> Material provided:

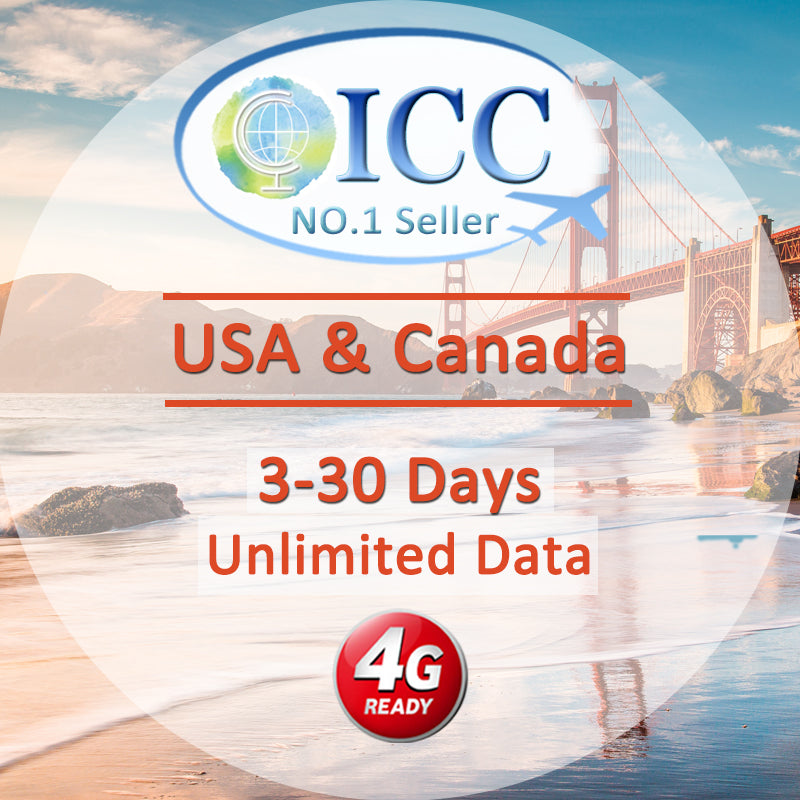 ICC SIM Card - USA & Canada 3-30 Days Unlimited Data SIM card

--

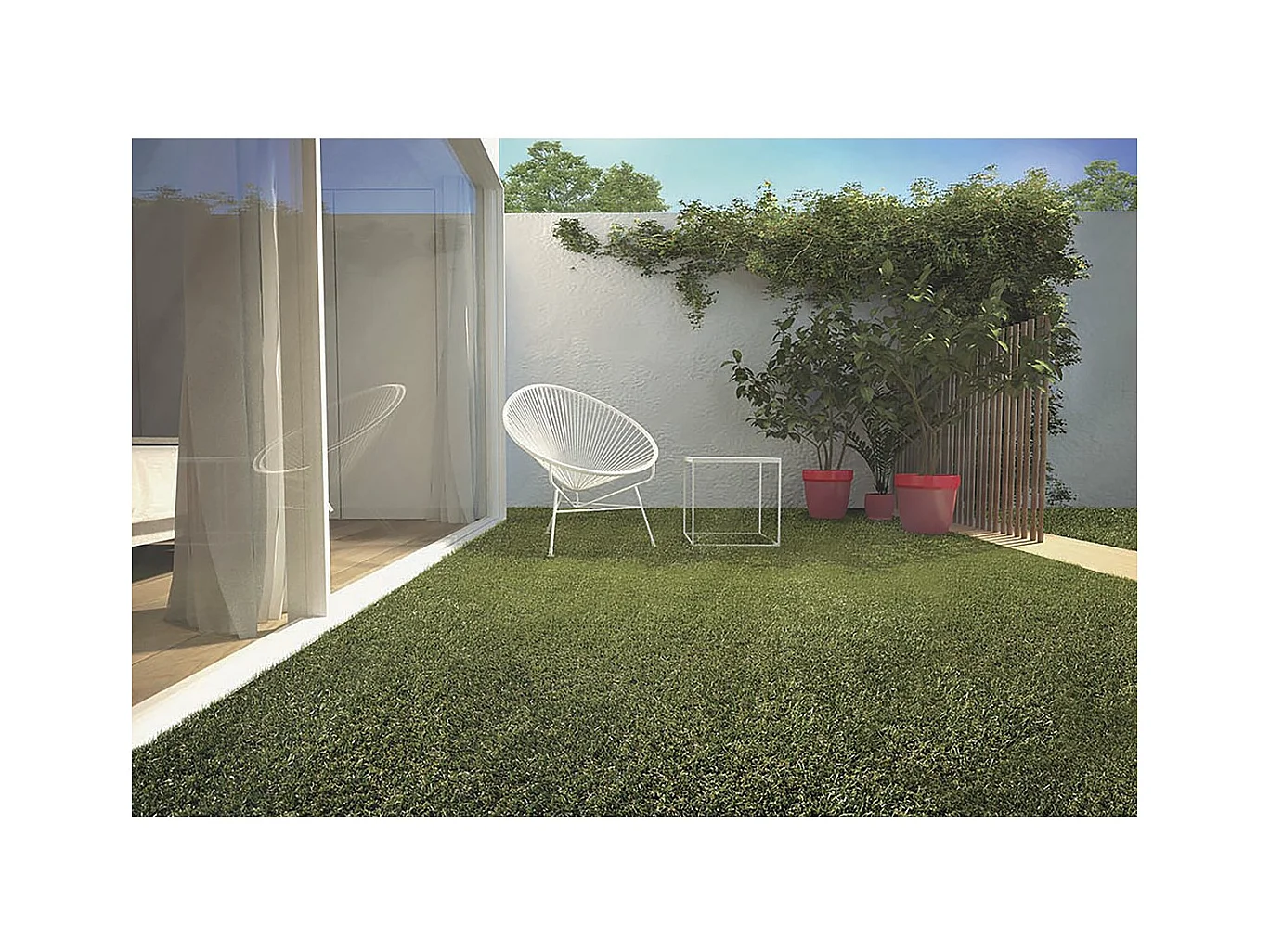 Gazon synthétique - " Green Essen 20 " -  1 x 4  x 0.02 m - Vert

...

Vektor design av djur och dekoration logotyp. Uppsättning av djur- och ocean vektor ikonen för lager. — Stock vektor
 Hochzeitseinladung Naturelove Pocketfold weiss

> Instructions to follow: Look above for the line holding "Vektor design av", then set down exactly that line and every line after it up to and including the line holding "Hochzeitseinladung Naturelove Pocketfold", with nothing else.

> Final answer:
Vektor design av djur och dekoration logotyp. Uppsättning av djur- och ocean vektor ikonen för lager. — Stock vektor
 Hochzeitseinladung Naturelove Pocketfold weiss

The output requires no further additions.